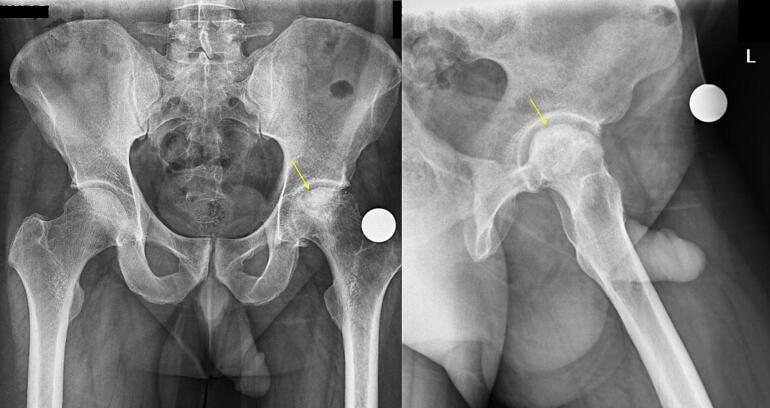 Unexpected transient femoral nerve palsy following epidural catheterization in total hip arthroplasty: A rare case report.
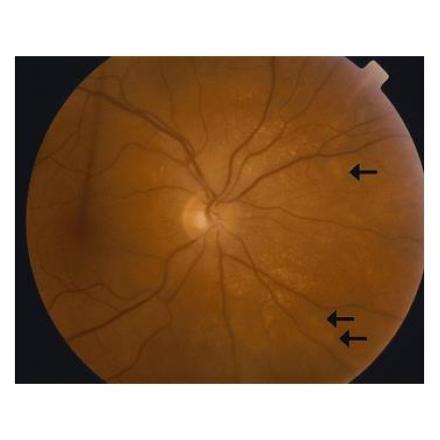 Sympathetic Ophthalmia with Dalen Fuchs nodules or hypopigmented lesions © 2019 American Academy of Ophthalmology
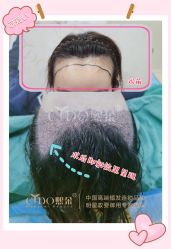 -熙朵美学植发·连锁品牌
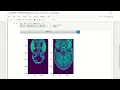 7 Preprocessing in Python Part 1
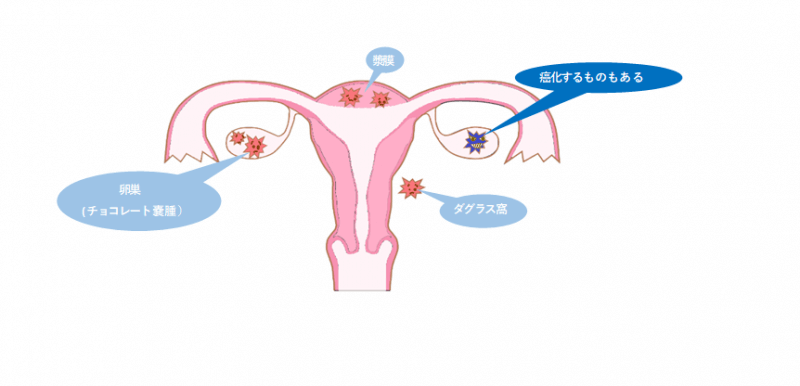 子宮内膜症（チョコレート嚢胞） 不妊治療クリニックスタッフブログ｜桜十字渋谷バースクリニック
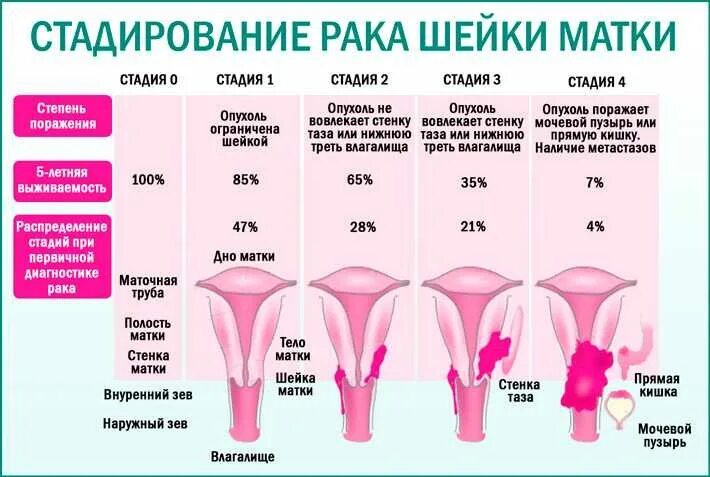 Рак матки первой стадии фото Матка может что это может быть: найдено 29 изображений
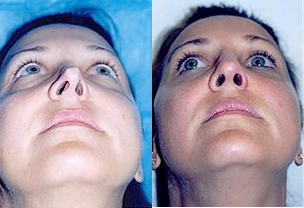 25-34 year old woman treated with Revision Rhinoplasty - This is a 32 year old patient that had rhinoplasty at a different practice 10 years prior. She was unhappy with the general appearance and the long length of the tip.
·····
→ **Exercise description**
Without the pictures, repeat exactly the lines running from the line containing "Sympathetic Ophthalmia with" through the end of the data, both ends included.

→ **Response below**
 Sympathetic Ophthalmia with Dalen Fuchs nodules or hypopigmented lesions © 2019 American Academy of Ophthalmology
 -熙朵美学植发·连锁品牌
 7 Preprocessing in Python Part 1
 子宮内膜症（チョコレート嚢胞） 不妊治療クリニックスタッフブログ｜桜十字渋谷バースクリニック
 Рак матки первой стадии фото Матка может что это может быть: найдено 29 изображений
 25-34 year old woman treated with Revision Rhinoplasty - This is a 32 year old patient that had rhinoplasty at a different practice 10 years prior. She was unhappy with the general appearance and the long length of the tip.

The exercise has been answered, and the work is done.